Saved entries
============

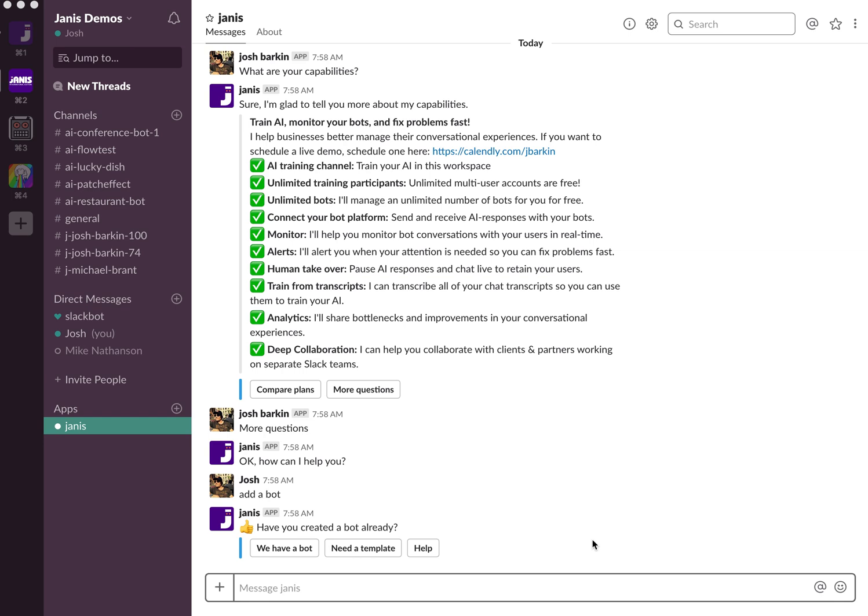But we have this new feature where let's say you wanted to use one Dialogflow agent from multiple bots. So you essentially have a brain. Your Dialogflow agent is a brain and you might have multiple Facebook pages. Maybe you're a franchise and you want to use the same Dialogflow agent across all of your bots.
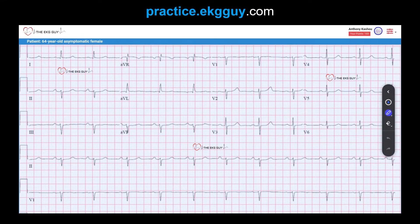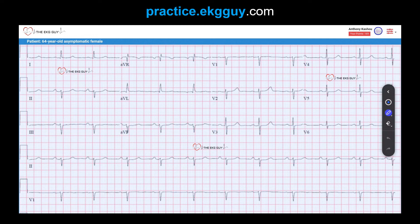Here we have an ECG obtained from a 64-year-old asymptomatic female, and there are quite a few important findings we want to take away. First, we want to determine whether sinus rhythm is present. Look at the upright P-waves we see in lead II — those clear upright P-waves down in the rhythm strip. In AVR, we see negative, inverted P-waves present as well.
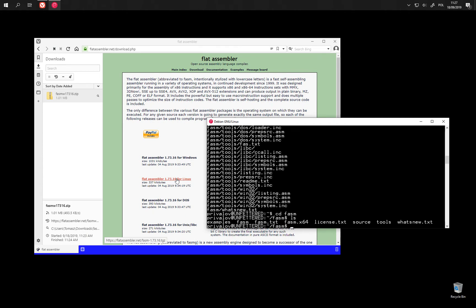For some reason TAR on Windows did not apply permissions properly. Normally under Linux the executables here should have permissions after extracting. Here we need to add them manually.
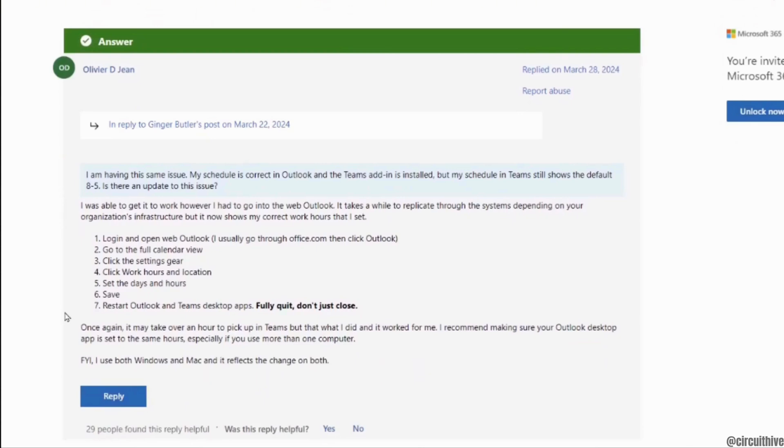After that you have to restart Outlook and Teams desktop app. Once that's been saved, the work hours will be set successfully and then you'll be good to go.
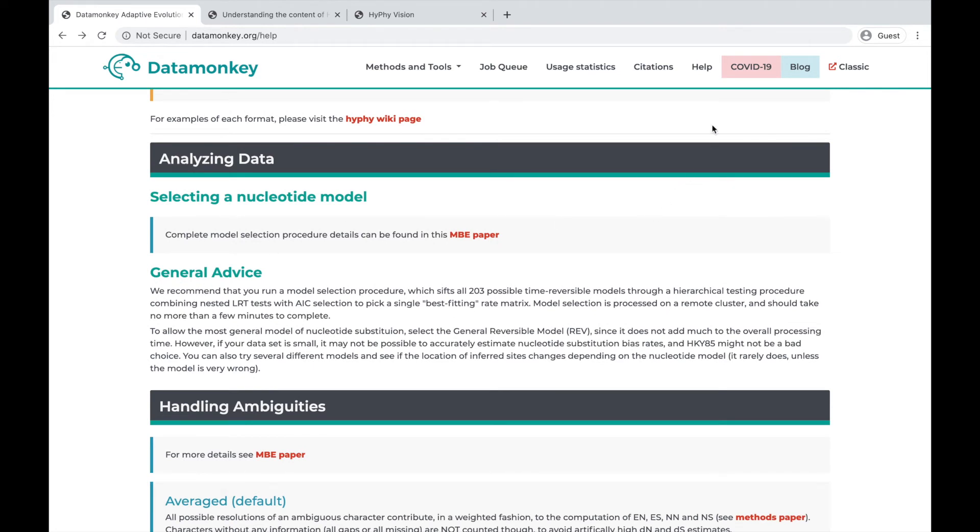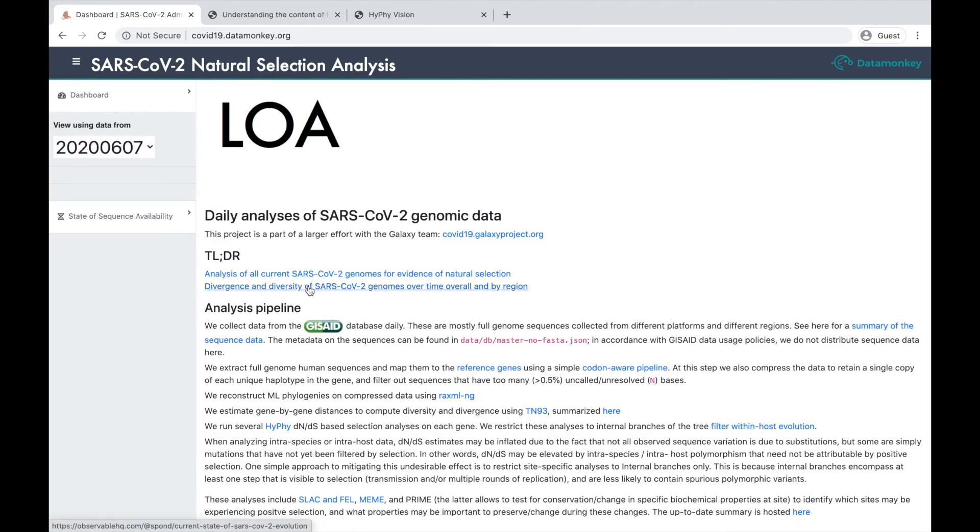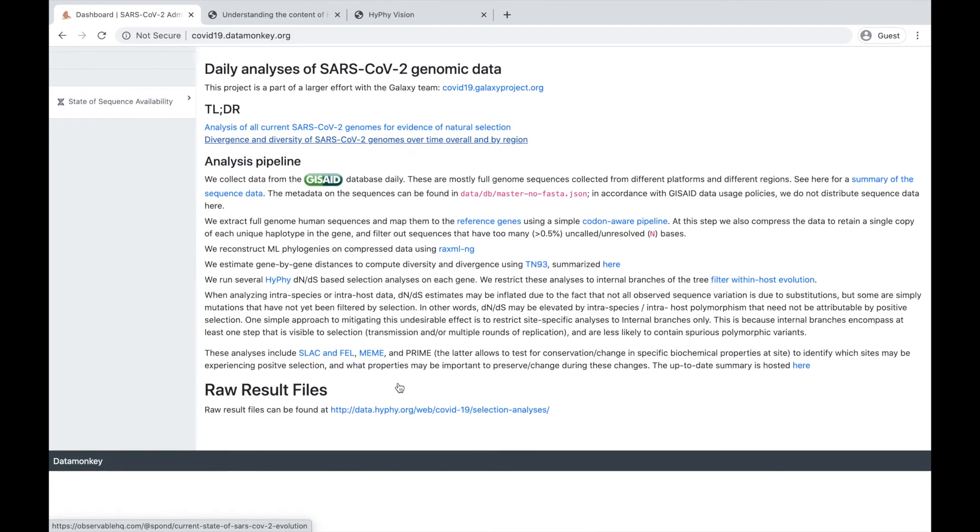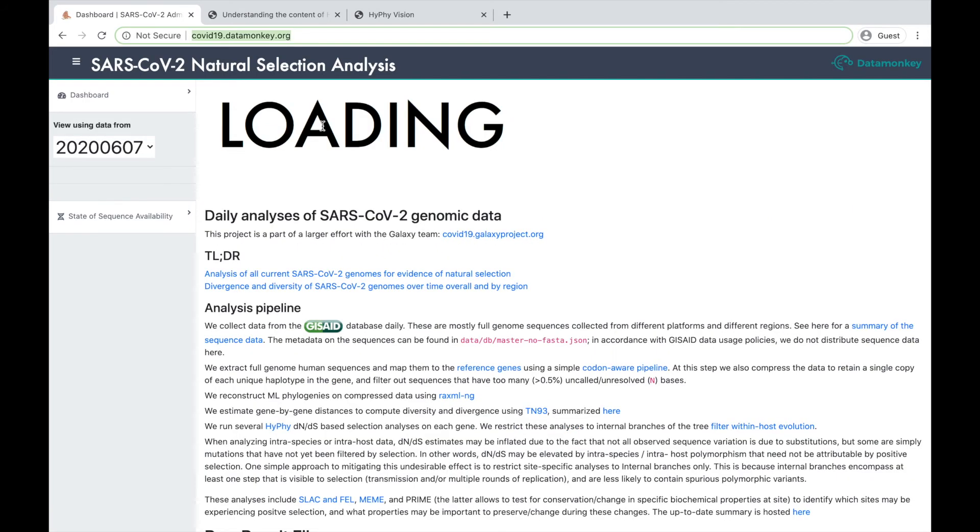If you're interested in our work on COVID-19, we also have a link to that dashboard available as well. This dashboard is updated daily with new sequences.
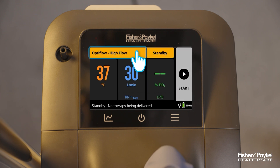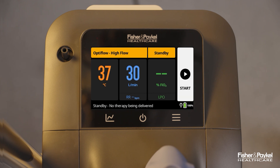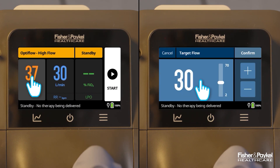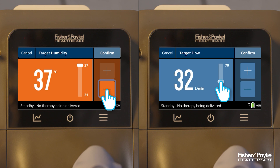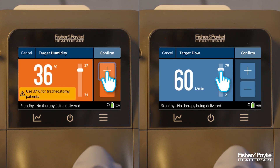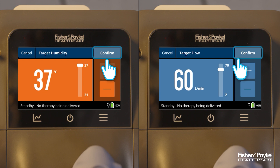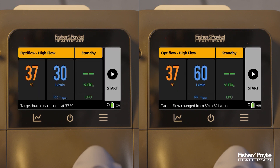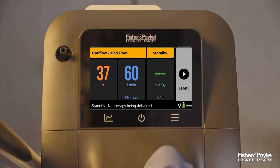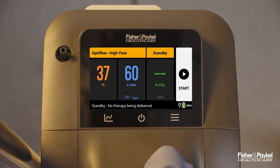Select OptiFlow high flow in the therapy bar if it is not already selected. To adjust the target humidity or flow, tap the respective tiles. Use the plus and minus button or slider to set the desired value. Tap confirm to apply the change, or cancel to discard any changes. The humidity and flow tiles on the home screen will display the target therapy settings. Tap the start button to begin therapy.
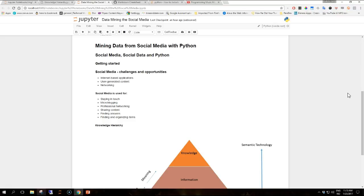In this section of the video series, we will try to cover the following topics: social media and social data, the overall process of data mining from social media, setting up the Python development environment, and also Python tools for data science and processing data in Python. So let's get started.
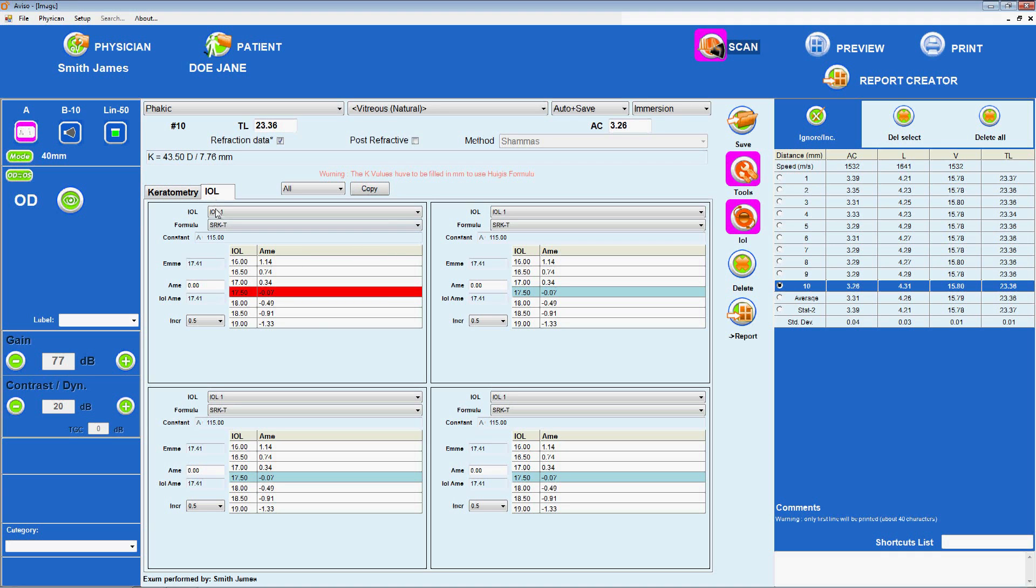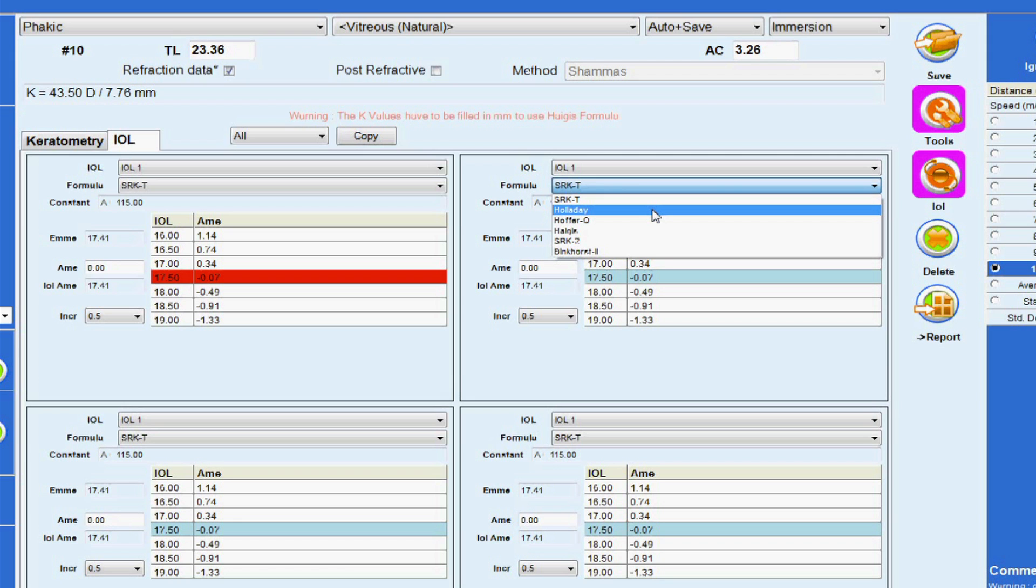Selecting the IOL icon opens the IOL calculation screen, where formulas can be selected from a drop-down menu.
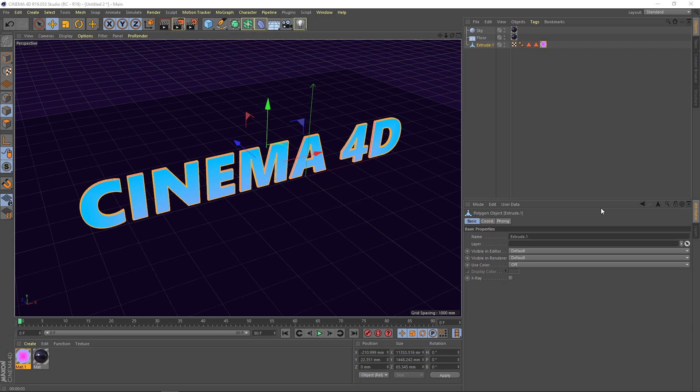As a quick info, Cinema 4D is developed by Maxon and to this date it has reached version 21. From all the 3D creation software out there, I wanted to stick with Cinema 4D which in my opinion is more intuitive, more friendly, and has delivered great results. I have been using it since 2008.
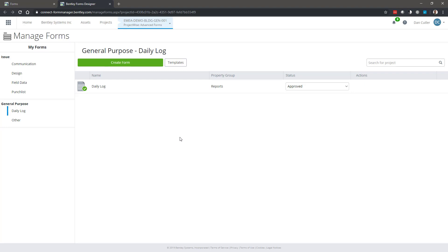If there are none, you've got a couple of options. You can search for forms that exist in another project and copy those across. You can use our predefined templates, or you can click Create Form and create a new form from scratch, which is what we're going to do today.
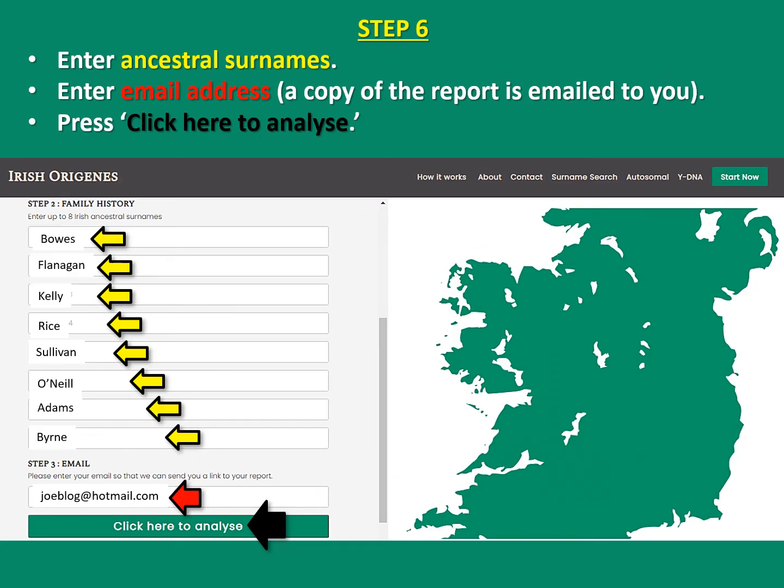Step 6: you enter your ancestral surnames, then enter your email address — because a copy of this report will be emailed to you — and then you simply click here to analyze.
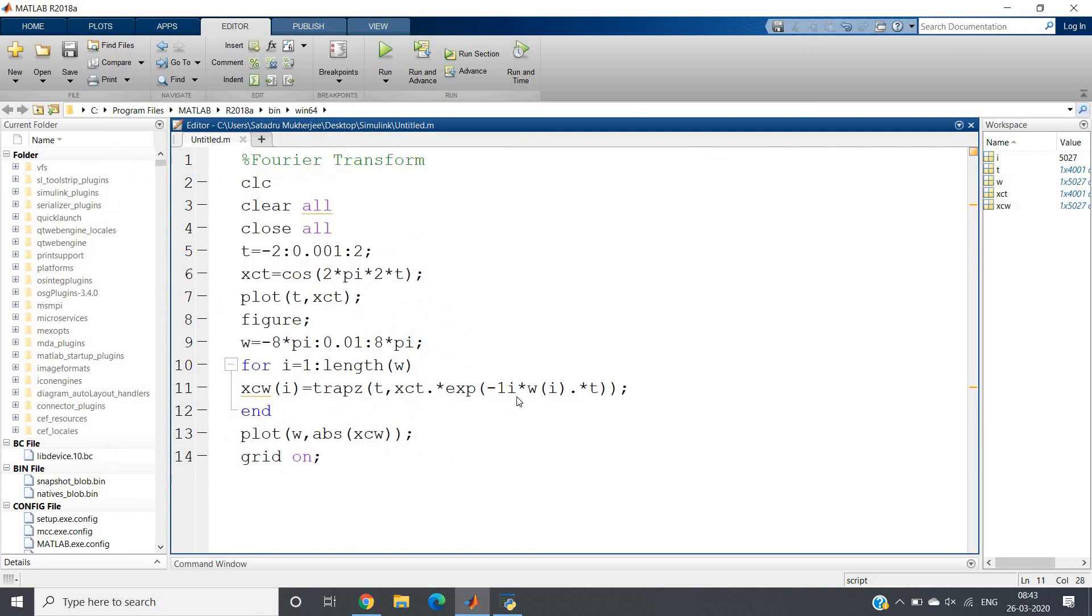So I hope you have understood the code - how to verify the property and how to apply different mathematical formulas to get the plot of the magnitude part of the Fourier transform. This is all for my video. Thank you for watching.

============

▸ EXERCISE: Copy back exactly the lines above from the one containing "For some reason" through the one containing "As a quick info, Cinema", and leave every picture behind.

▸ WRITTEN REPLY:
For some reason TAR on Windows did not apply permissions properly. Normally under Linux the executables here should have permissions after extracting. Here we need to add them manually.
After that you have to restart Outlook and Teams desktop app. Once that's been saved, the work hours will be set successfully and then you'll be good to go.
If you're interested in our work on COVID-19, we also have a link to that dashboard available as well. This dashboard is updated daily with new sequences.
Select OptiFlow high flow in the therapy bar if it is not already selected. To adjust the target humidity or flow, tap the respective tiles. Use the plus and minus button or slider to set the desired value. Tap confirm to apply the change, or cancel to discard any changes. The humidity and flow tiles on the home screen will display the target therapy settings. Tap the start button to begin therapy.
In this section of the video series, we will try to cover the following topics: social media and social data, the overall process of data mining from social media, setting up the Python development environment, and also Python tools for data science and processing data in Python. So let's get started.
Selecting the IOL icon opens the IOL calculation screen, where formulas can be selected from a drop-down menu.
As a quick info, Cinema 4D is developed by Maxon and to this date it has reached version 21. From all the 3D creation software out there, I wanted to stick with Cinema 4D which in my opinion is more intuitive, more friendly, and has delivered great results. I have been using it since 2008.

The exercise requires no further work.